About the job
Tavus – Multimodal AI Model Optimization
Research Engineer
At Tavus, we are pioneering the human aspect of AI technology. Our objective is to make human-AI interactions as seamless and natural as in-person conversations, allowing for a human touch in areas that were once considered unscalable.
We accomplish this through groundbreaking research in multimodal AI, focusing on human-to-human communication modeling (encompassing language, audio, and video) and the development of audio-visual avatar behaviors. Our innovative models drive applications ranging from text-to-video AI avatars to real-time conversational video experiences across sectors such as healthcare, recruitment, sales, and education.
By empowering AI to perceive, listen, and engage with an authentic human-like presence, we are laying the groundwork for the next generation of AI workers, assistants, and companions.
As a Series B company, we are supported by renowned investors, including Sequoia, Y Combinator, and Scale VC. Join us as we shape the future of human-AI interaction.
The Role
We are seeking an accomplished Research Scientist/Engineer with expertise in model optimization to be a vital part of our core AI team.
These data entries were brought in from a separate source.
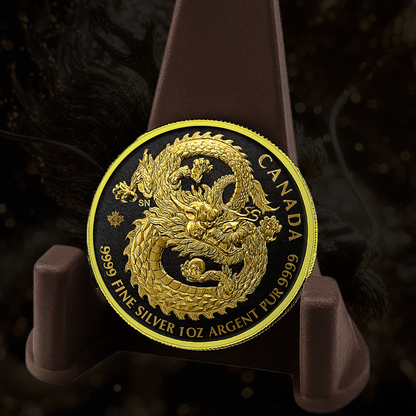 2019 Canada Chinese Dragon Colorized with Gold Gilding 1oz .9999 Silver Coin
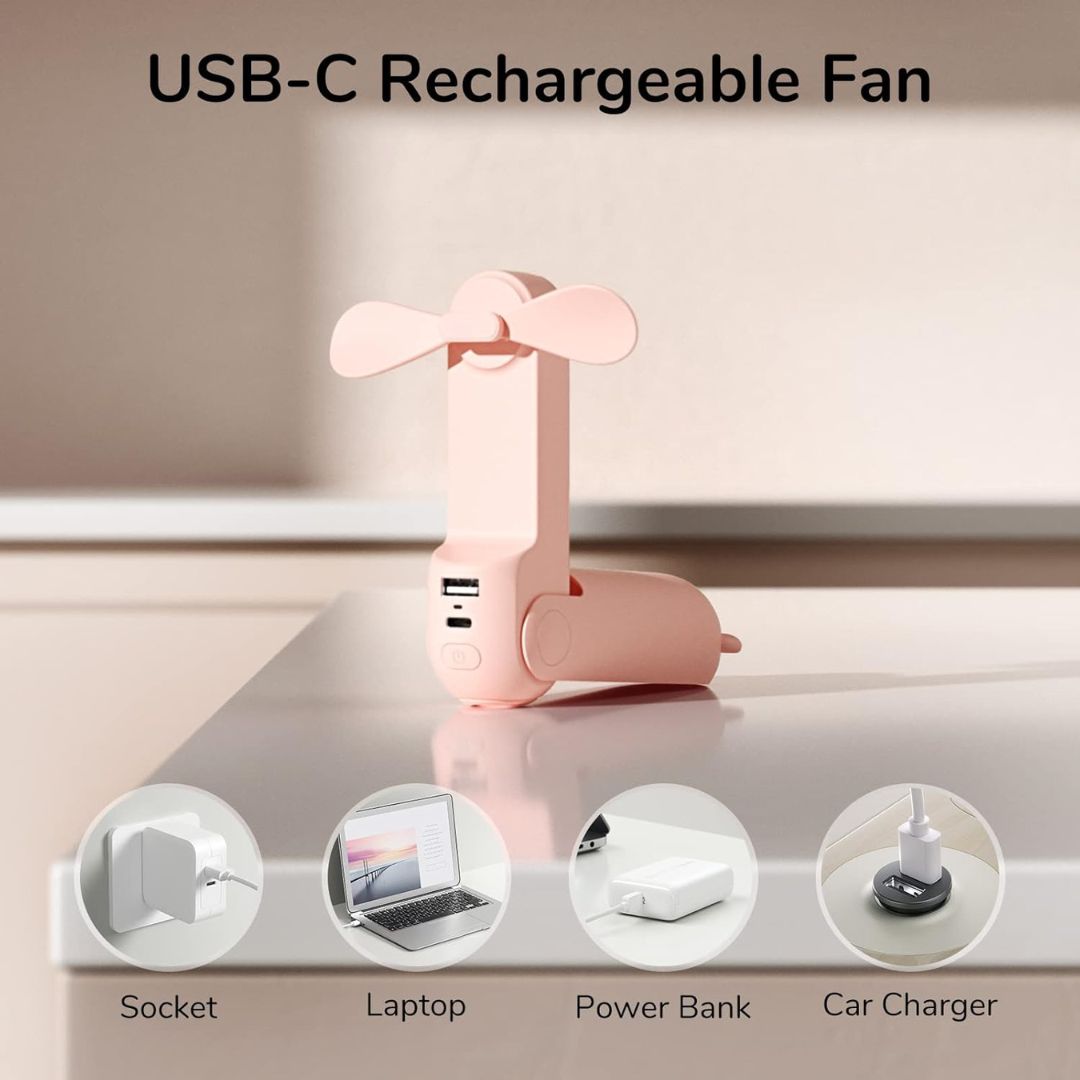 Portable 3 In 1 Mini Fan With LED Light And USB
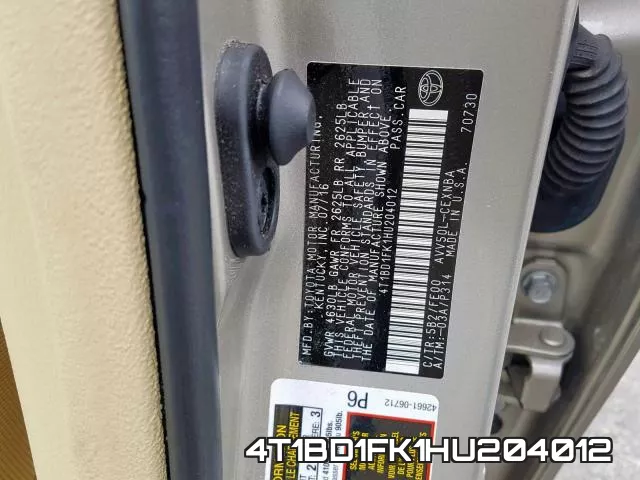 4T1BD1FK1HU204012 фото 2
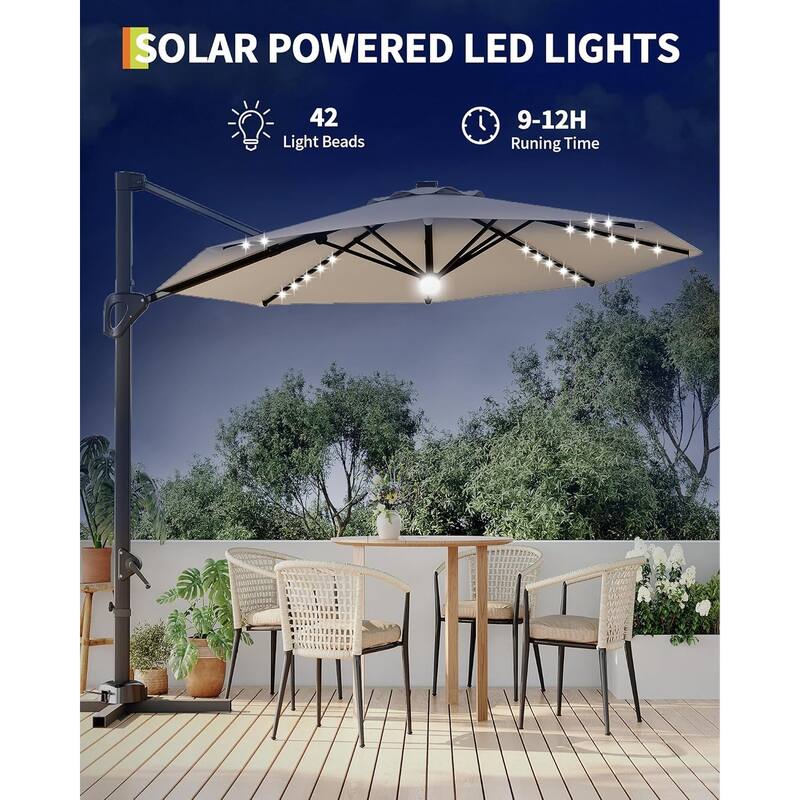 10FT Outdoor Cantilever Umbrella Patio Umbrella Solar LED with Base Included, 360-Degree Rotation
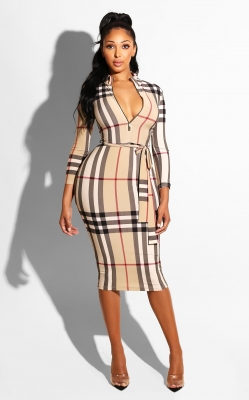 Plaid Printing With Zip In Front Bodycon Dress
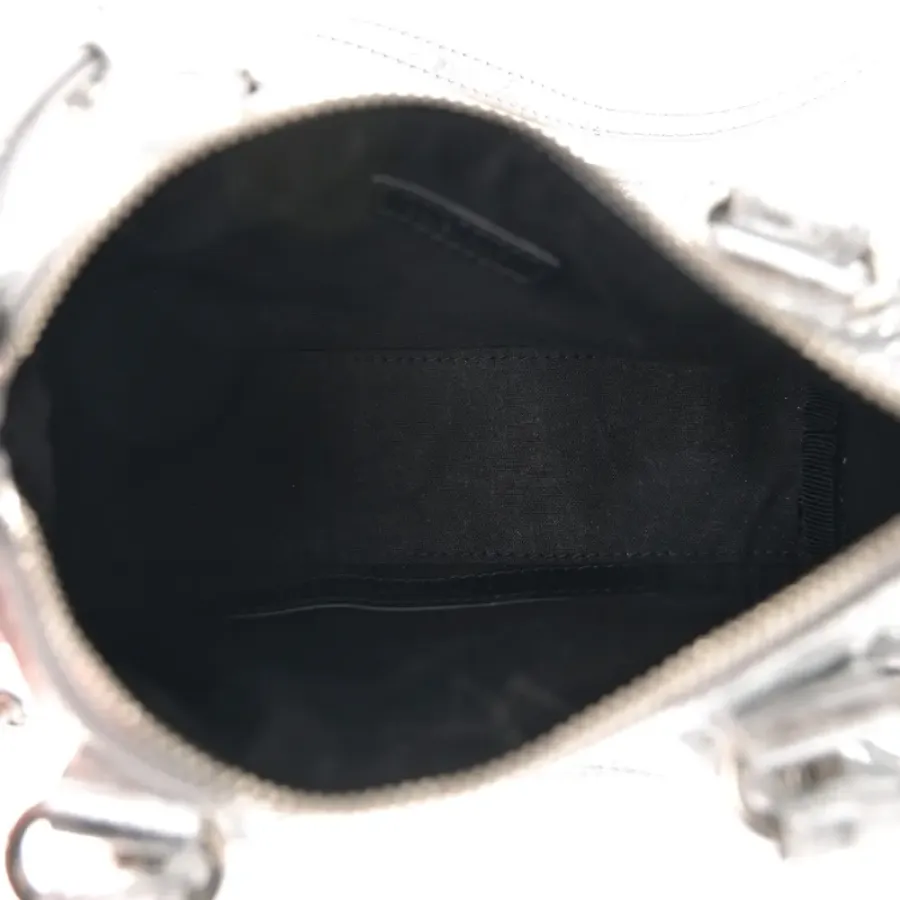 Balenciaga Crystal Neo Nano Cagole Handbag Silver Agneau Arena Leather Silver Hardware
The ideal candidate thrives in dynamic startup environments, is adept at setting priorities independently, and is open to making calculated decisions. We are moving swiftly and need individuals who can help navigate our path forward.
Your Mission
Transform state-of-the-art research models into fast, efficient, and production-ready systems through techniques such as sparsification, distillation, and quantization.
Oversee the optimization lifecycle for critical models: establish metrics, conduct experiments, and evaluate trade-offs among latency, cost, and quality.
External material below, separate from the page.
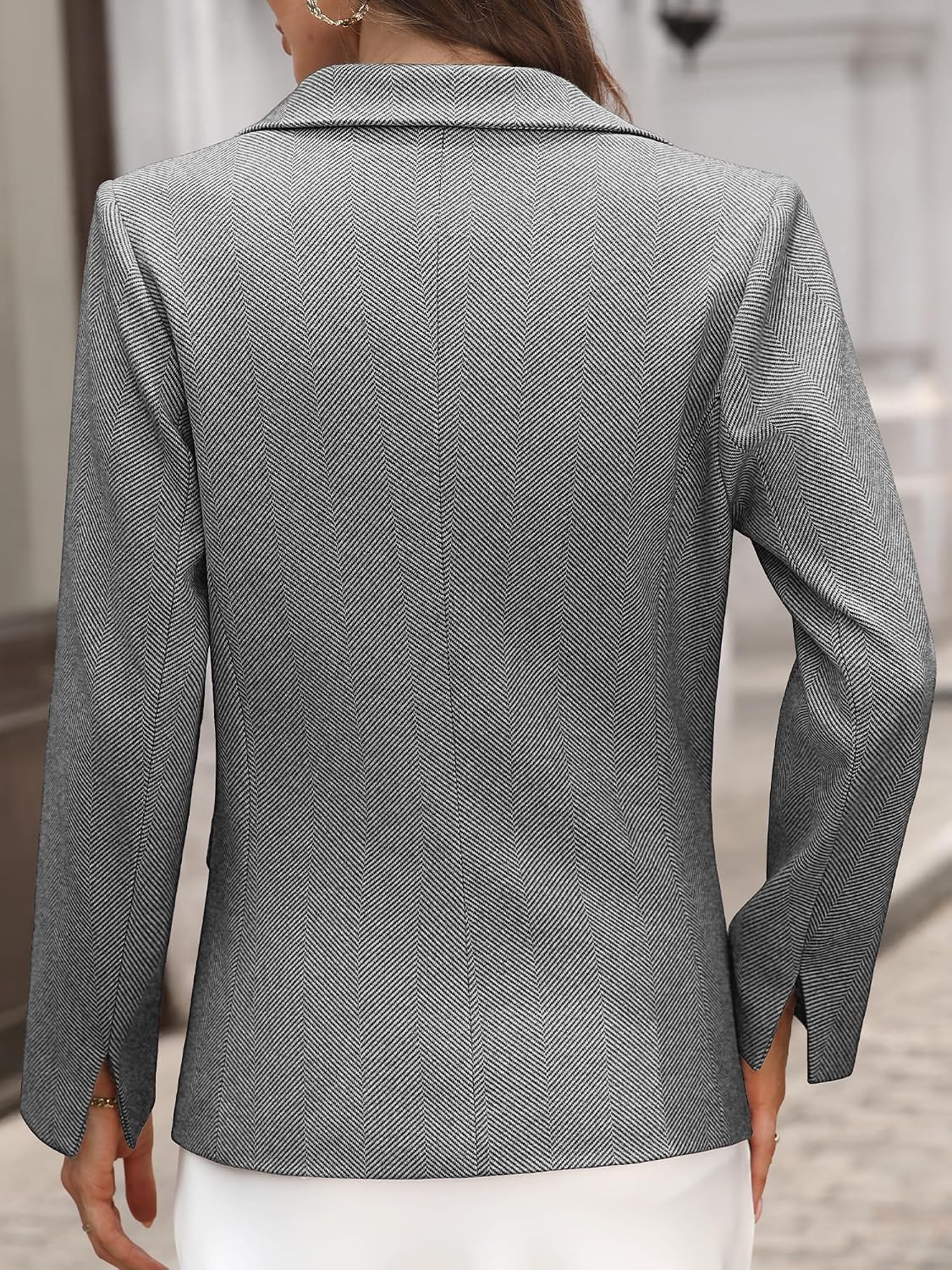 ELLEVEN Women’s Herringbone Tweed Blazer – Slim Fit Business Casual Work Jacket with Flap Pockets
Collaborate closely with researchers and engineers to convert innovative concepts into deployable solutions.
Requirements
Extensive experience in deep learning with PyTorch.
Practical experience in model optimization and compression, including knowledge distillation, pruning/sparsification, quantization, and mixed precision.
Familiarity with efficient architectures such as low-rank adapters.
Strong grasp of inference performance and GPU/accelerator fundamentals.
Proficient in Python coding and adherence to best practices in research engineering.
Experience with large models and datasets in cloud environments.
Capability to read ML literature, reproduce results, and modify ideas accordingly.